As the preoperative nutritional condition of patients undergoing surgery can directly influence postoperative prognosis, overall survival, and disease-free survival, a timely and appropriate preoperative nutritional support may improve postsurgical outcomes of GC patients [52].
Even though parenteral nutrition or preoperative enteral nutrition was associated with a better prognosis and fewer postoperative complications [53], the addition of immune-stimulating nutrients did not correlate with lower mortality rates in surgically resected GC patients (risk ratio 1.1, 95% confidence interval 0.93–1.31) according to a systematic review of 2419 patients from 22 randomized clinical trials [54].

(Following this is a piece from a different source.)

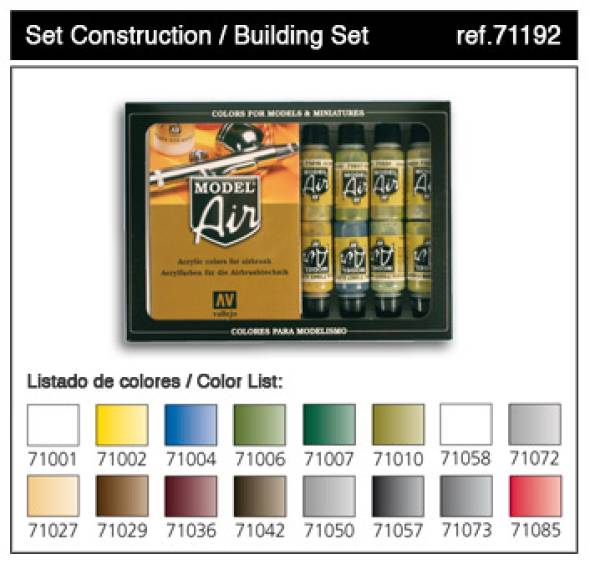 Building Model Air Paint Set (16 Colors)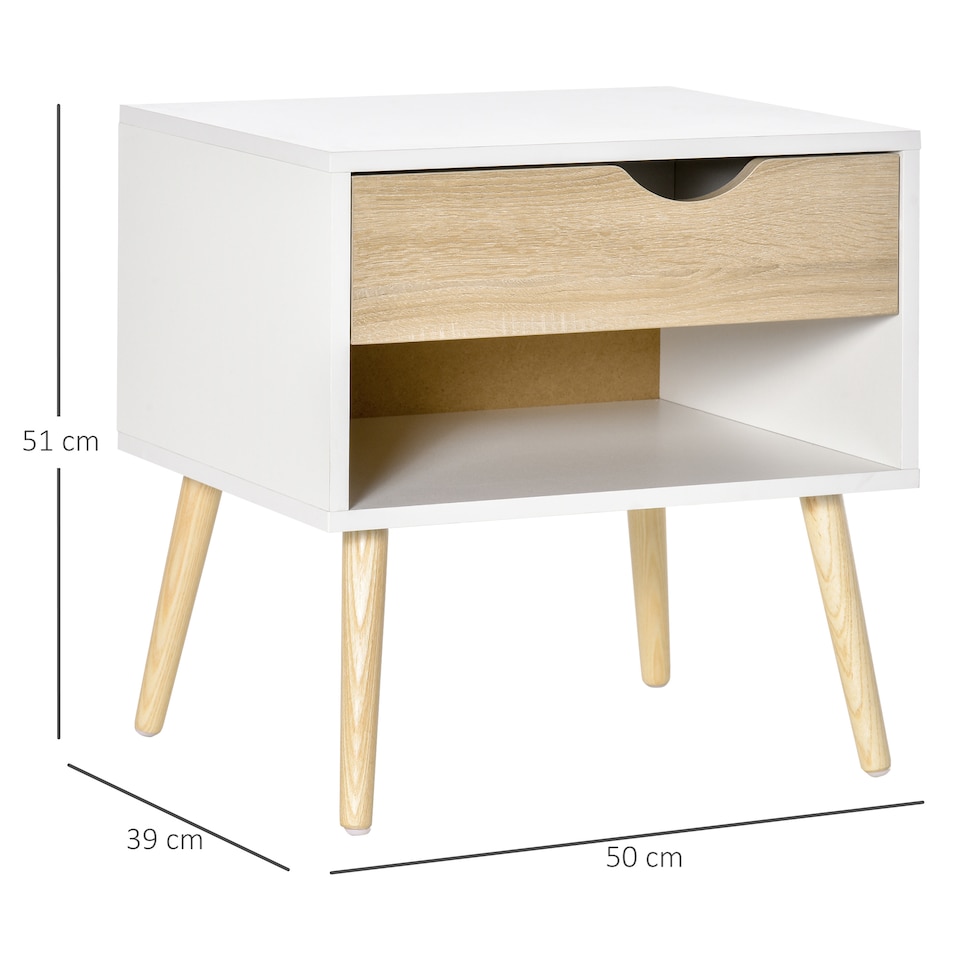 image 1 of HOMCOM Bedside Table with Drawer and Shelf, Modern Nightstand, End Table for Bedroom, Living Room, White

Similarly, postoperative nutritional support plays a crucial role in the management of the catabolic effect of gastrointestinal surgery. Early enteral feeding soon followed by solid soft food on the third postoperative day is feasible, safe, and associated with shorter hospitalization [55,56,57].
Moreover, since up to 50% of resected GC patients develop anemia [58,59,60], because of multifactorial iron, folate, or vitamin B12 deficiency, evaluation of hemoglobin level should be planned, and appropriate replacement should be evaluated [61].
Consequences of loss of skeletal muscle mass on chemotherapy tolerance
Loss of muscle mass is a key factor in determining tolerance of chemotherapy, as sarcopenia is associated with increased adverse events [4]. Unfortunately, muscle mass loss due to treatment-related adverse events or cancer itself may easily overlap and, the mechanisms by which this occurs are still unclear.
A first hypothesis to explain the decreased treatment tolerance is linked to pharmacokinetic distribution of chemotherapy drugs [4]. Notably, drug doses are usually administered by calculated body surface area (BSA). However, patients with similar BSA and BMI may have a significantly different body composition. Indeed, this calculation method may be potentially misleading because it does not consider adipose tissue compartment and lean body mass, mainly represented by skeletal muscle mass and tissues. Furthermore, many anticancer agents undergo hepatic and renal metabolism, and BSA is an imperfect indicator of changes concerning the function of the organs involved [62].
Since cytotoxic compounds have a narrow therapeutic index, understanding drug distribution is crucial. Patients with metabolic disorders usually experience variations in the distribution, metabolism, and clearance of chemotherapy agents.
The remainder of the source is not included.